SUPPLIED INFORMATION -

Start of Block

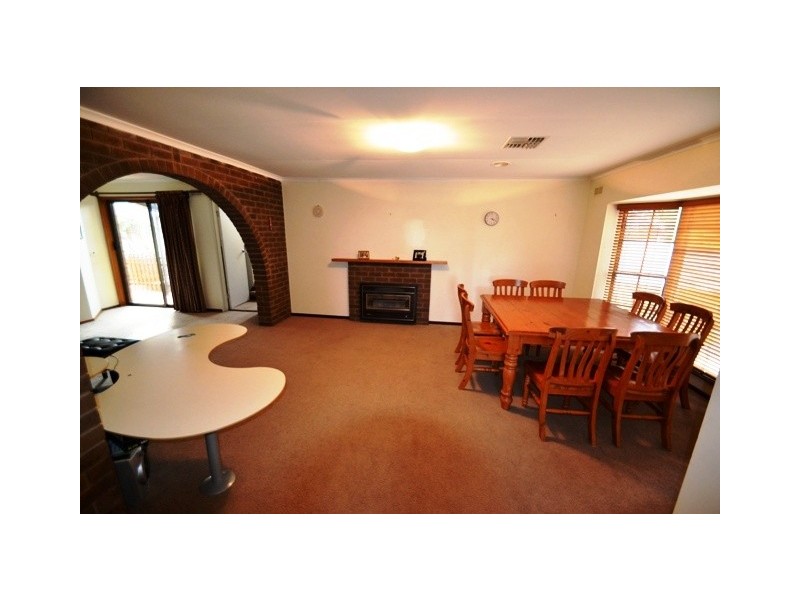 5 Hanley Crs, Seymour VIC 3660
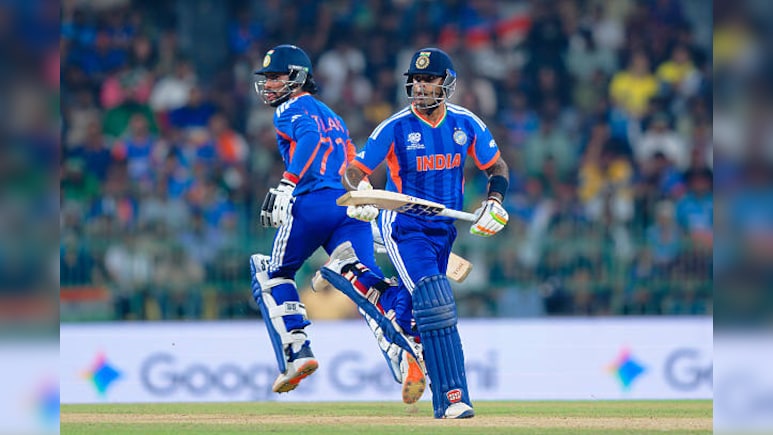 IND vs SA: सूर्या या तिलक वर्मा, कौन करेगा नंबर तीन पर बल्लेबाजी? आकाश चोपड़ा ने बताई परफेक्ट प्लेइंग XI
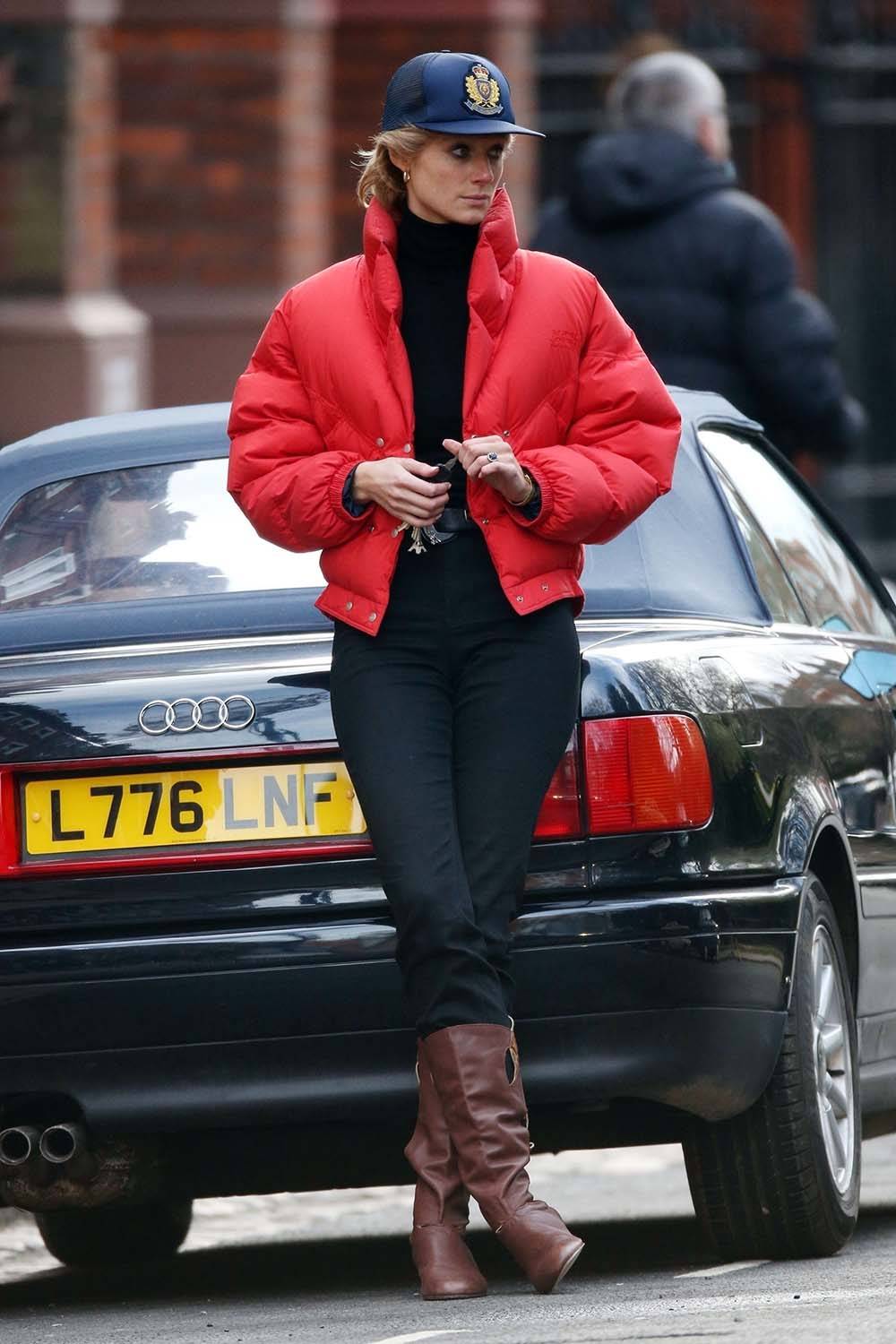 Elizabeth Debicki na planie djęciowym, 2022 r., Fot. BackGrid UK/East News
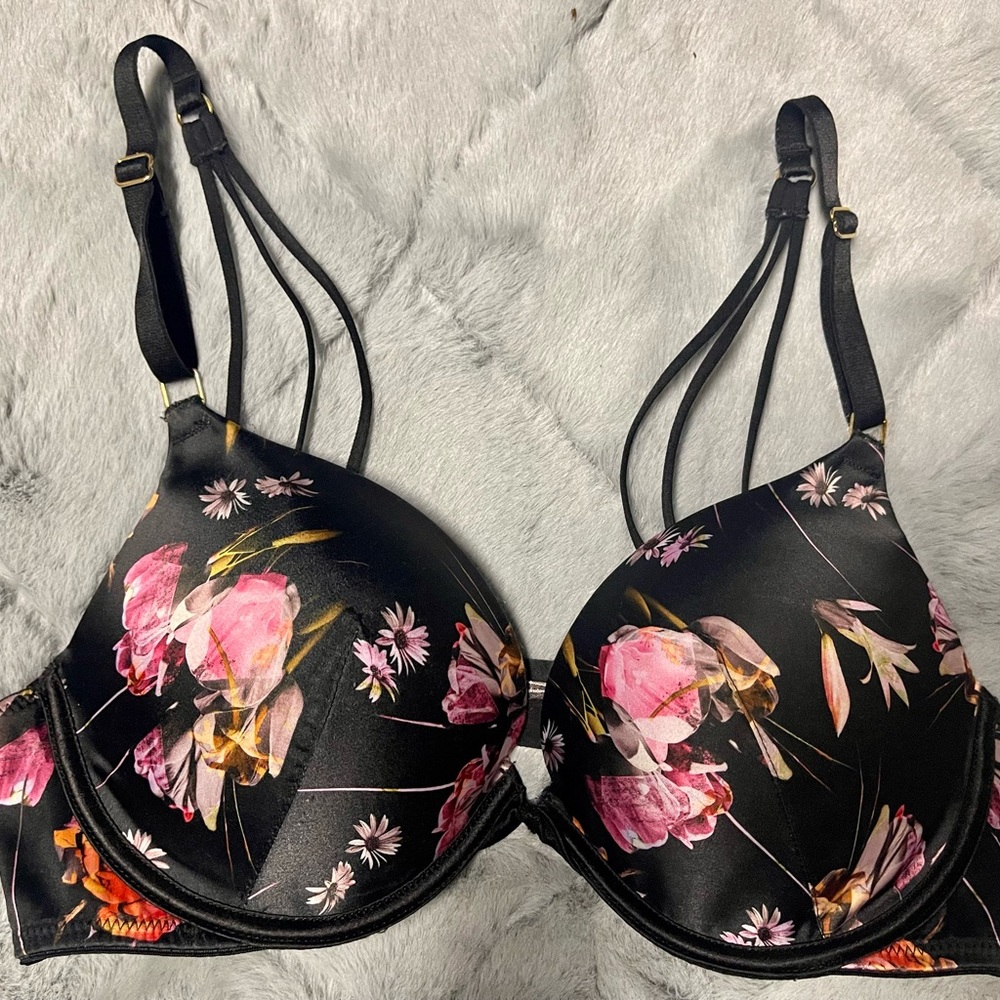 BEAUTIFUL Floral Victoria’s Secret Black Very Sexy Bra 32C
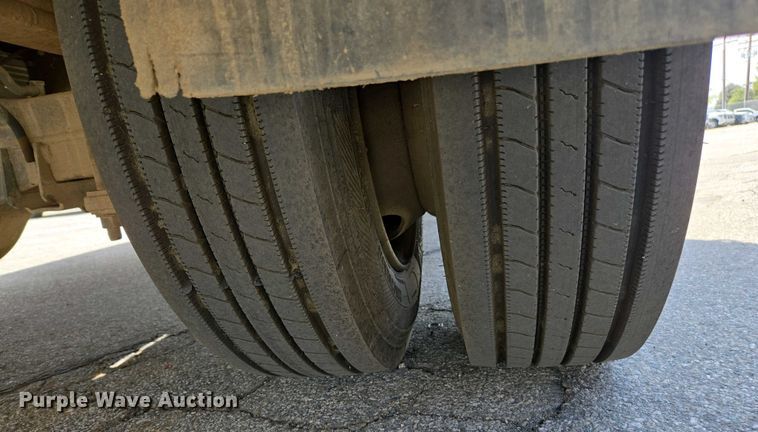 image for item EC0957 2003 GMC 5500 flatbed truck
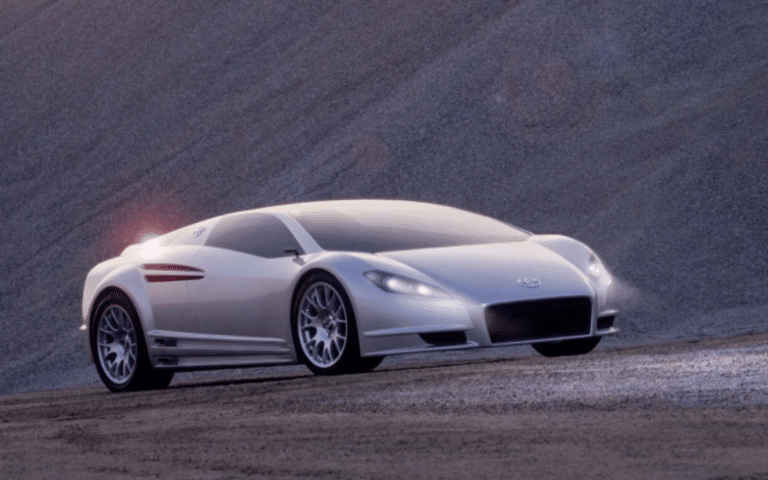 2004 Toyota concept was the first ever hybrid supercar with a pretty jaw-dropping range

End of Block

TASK INSTRUCTIONS - When you reach the line containing "IND vs SA: सूर्या" in the records above, write out that line and every line after it through the end, exactly, but omit the pictures.

TASK RESPONSE -
 IND vs SA: सूर्या या तिलक वर्मा, कौन करेगा नंबर तीन पर बल्लेबाजी? आकाश चोपड़ा ने बताई परफेक्ट प्लेइंग XI
 Elizabeth Debicki na planie djęciowym, 2022 r., Fot. BackGrid UK/East News
 BEAUTIFUL Floral Victoria’s Secret Black Very Sexy Bra 32C
 image for item EC0957 2003 GMC 5500 flatbed truck
 2004 Toyota concept was the first ever hybrid supercar with a pretty jaw-dropping range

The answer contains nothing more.